Alors, la messe est-elle dite ?

Pour reprendre une expression décidément à la mode... On peut le craindre. Cependant, la situation est suffisamment sérieuse pour que des députés européens issus de partis allant du centre droit à la gauche (PPE, S&D, Renew, Les Verts-ALE et The Left) aient décidé, ce 28 octobre, de déposer ensemble une proposition de résolution visant à saisir la Cour de justice de l’Union européenne sur la compatibilité de l’accord UE-Mercosur avec les traités européens. Une résolution qui sera votée à la prochaine plénière, du 24 au 27 novembre prochain. Céline Imart, députée LR au Parlement européen et elle-même agricultrice, dénonce « un énième renoncement, une énième compromission de la Macronie, sur le dos des agriculteurs qui travaillent dur et sont soumis à des importations moins-disantes. Une honte ! » Marine Le Pen, de son côté, elle aussi, a réagi à la déclaration d’Emmanuel Macron : « C'est désormais plus clair : Emmanuel Macron apporte un soutien sans réserve au Mercosur, et l'Allemagne se réjouit que "le sujet ne fasse plus débat entre les pays membres". »

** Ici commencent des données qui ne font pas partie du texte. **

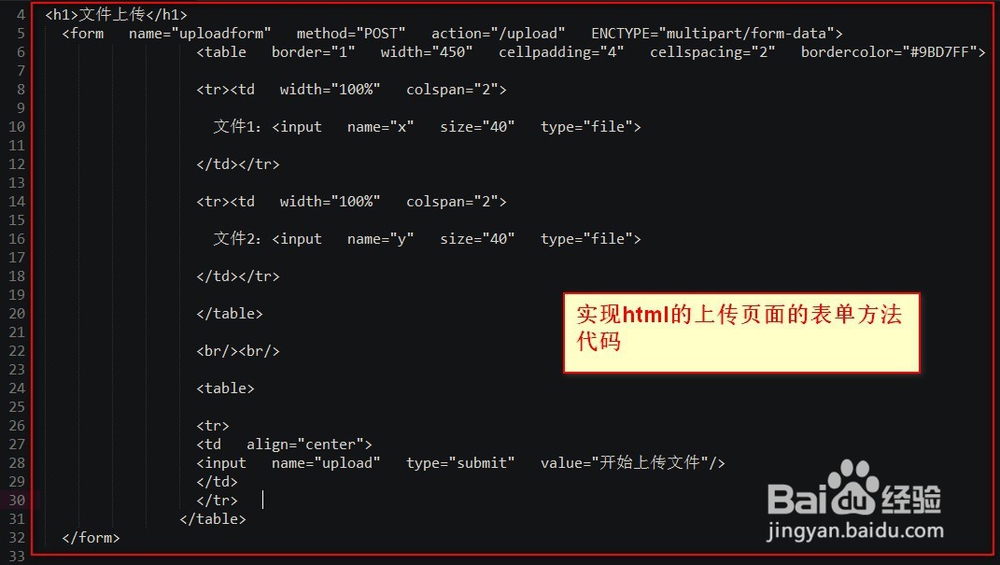 运用servlet上传图片该怎么插入连接数据库代码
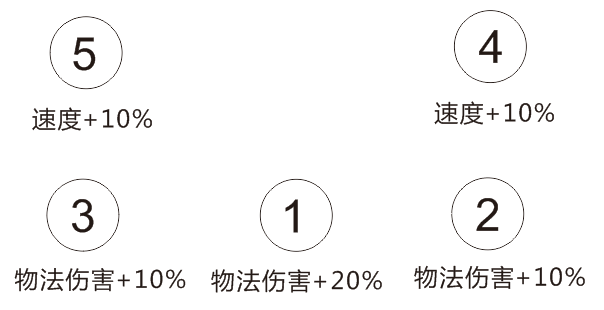 梦幻西游 电脑版综合工具箱 计算器 梦幻西游 电脑版官方网站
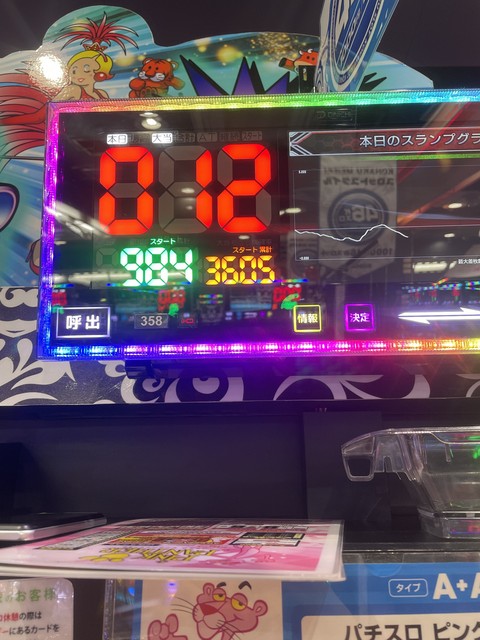 パチスロ ピンクパンサーsp パチスロ新台 機械割 天井 初打ち 打ち方 スペック 掲示板 設置店 P World パチスロ ピンクパンサーsp パチスロ新台 機械割 天井 初打ち 打ち方 スペック 掲示板 設置店 P World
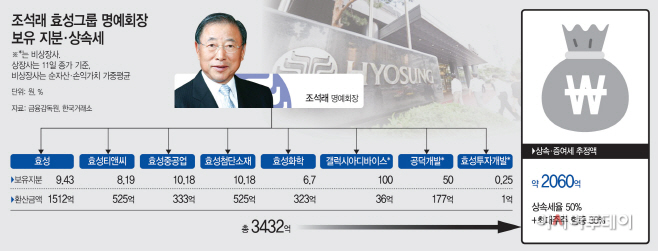 효성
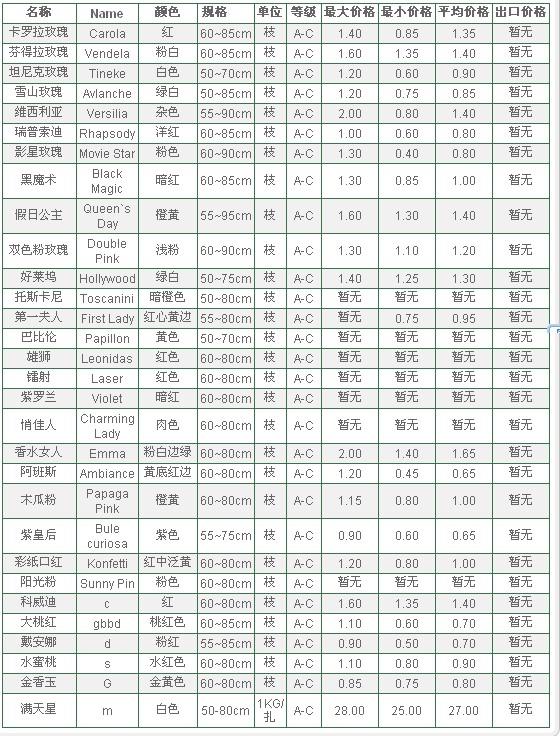 云南斗南拍卖市场2010年6月9日鲜切花报价信息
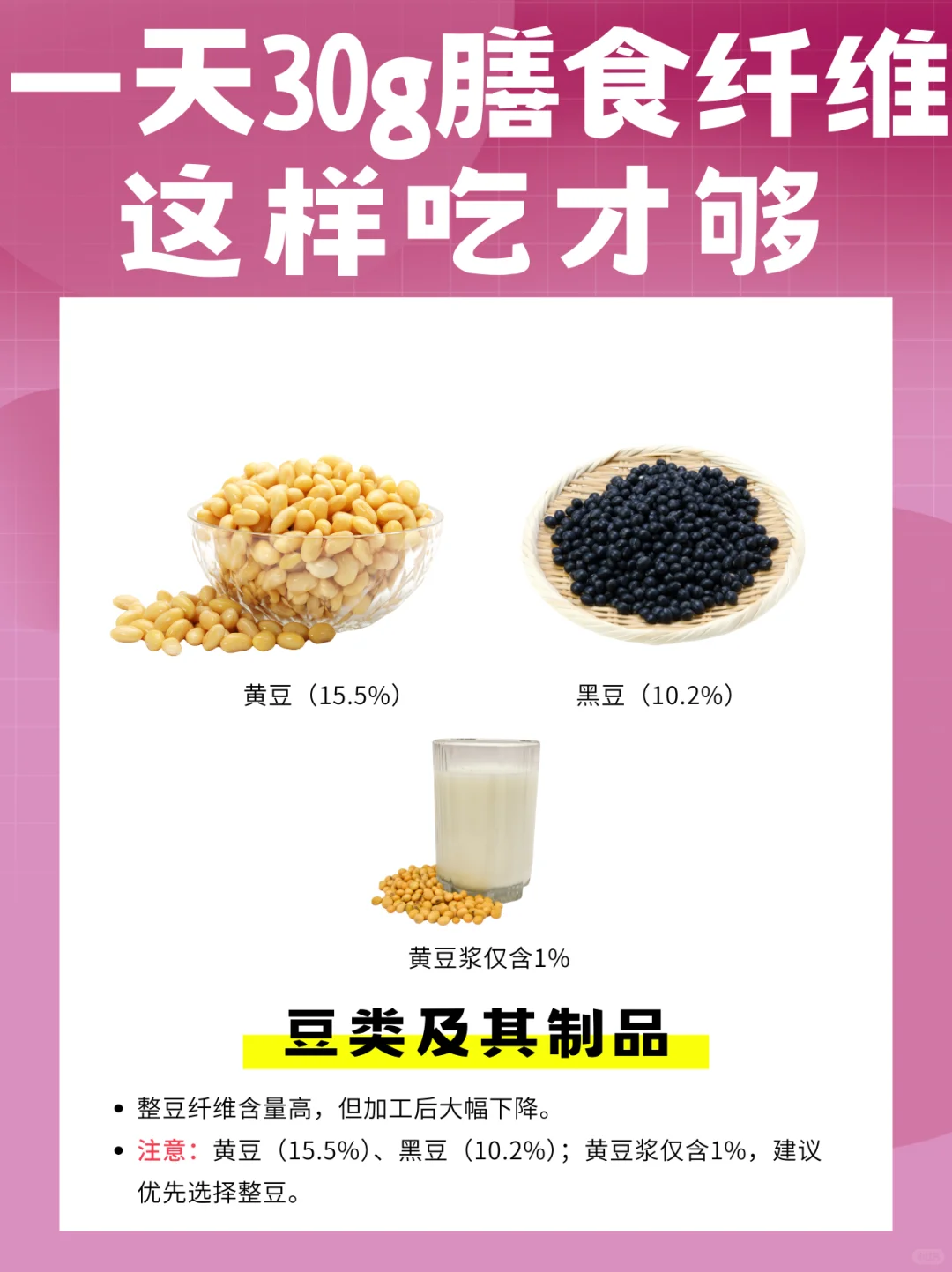 一天30g膳食纤维怎么吃?附超全食物清单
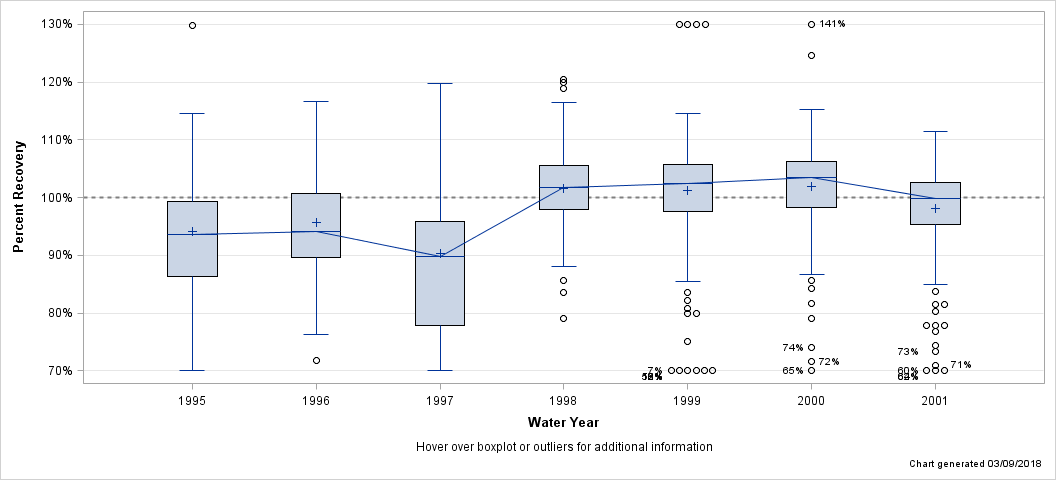 The SGPlot Procedure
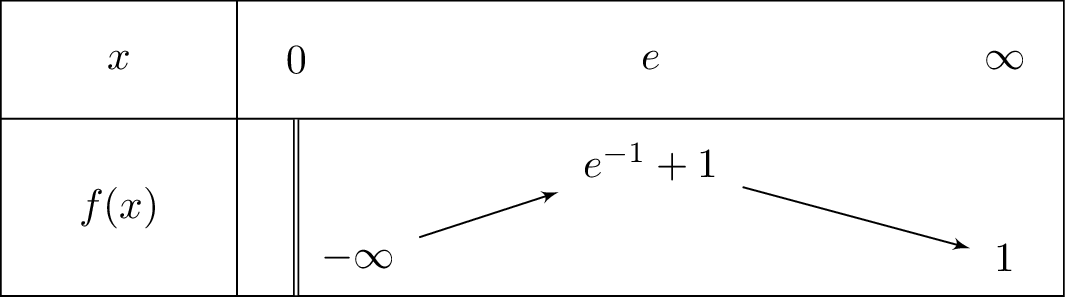1+frac{ln x}{x}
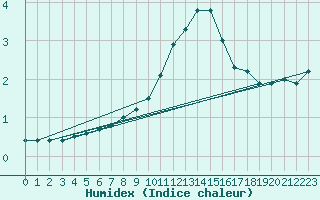 Courbe de l'humidex pour Dolembreux (Be)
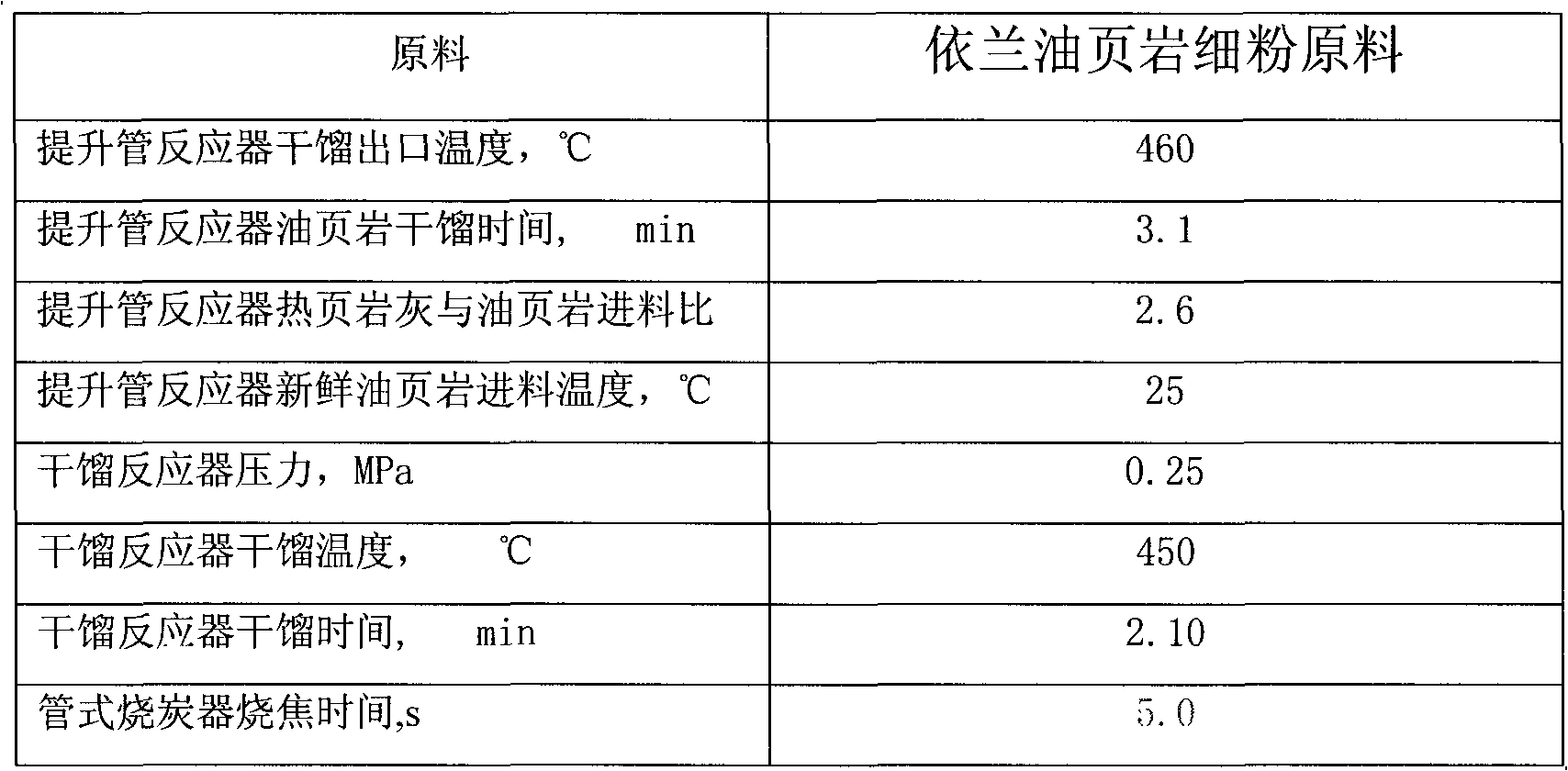 Method and device for destructive distillation of oil shale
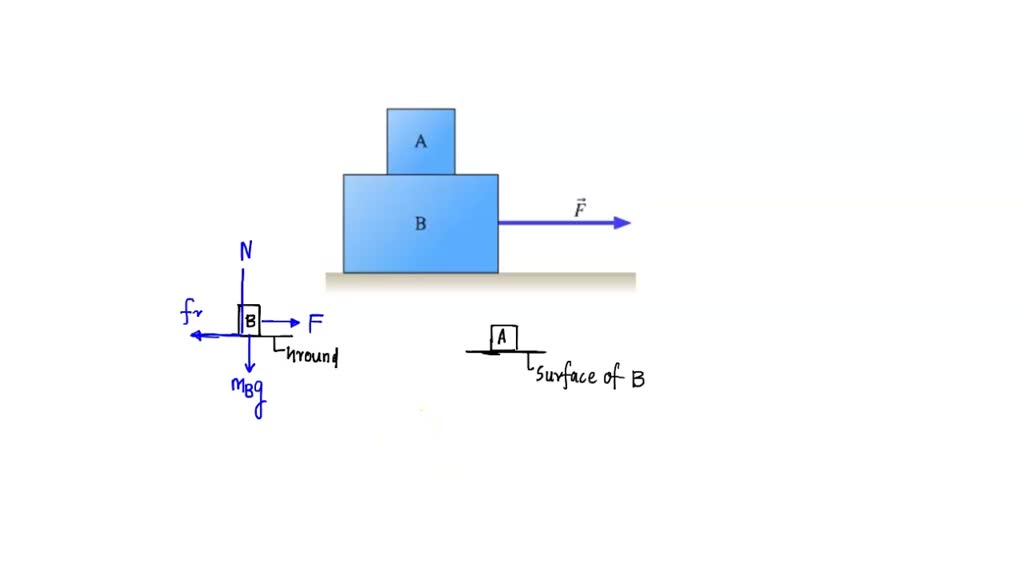 SOLVED: Figure Q4.29 Shows Block A Sitting On Top Of Block B. A ...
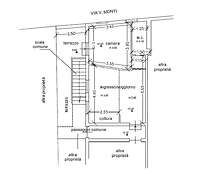 Casa Rita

Réactions politiques, mais il y a la colère paysanne qui pourrait bien s'inviter dans la rue, dans un contexte politique et social déjà tendu, alors que, par ailleurs, nos éleveurs bovins doivent faire face à l'épidémie de dermatose nodulaire contagieuse (DNC), parfois obligés par l'administration d'abattre préventivement tout leur cheptel. On ne sait pas si « les choses vont dans le bon sens », mais on se demande si elles vont bien avec bon sens.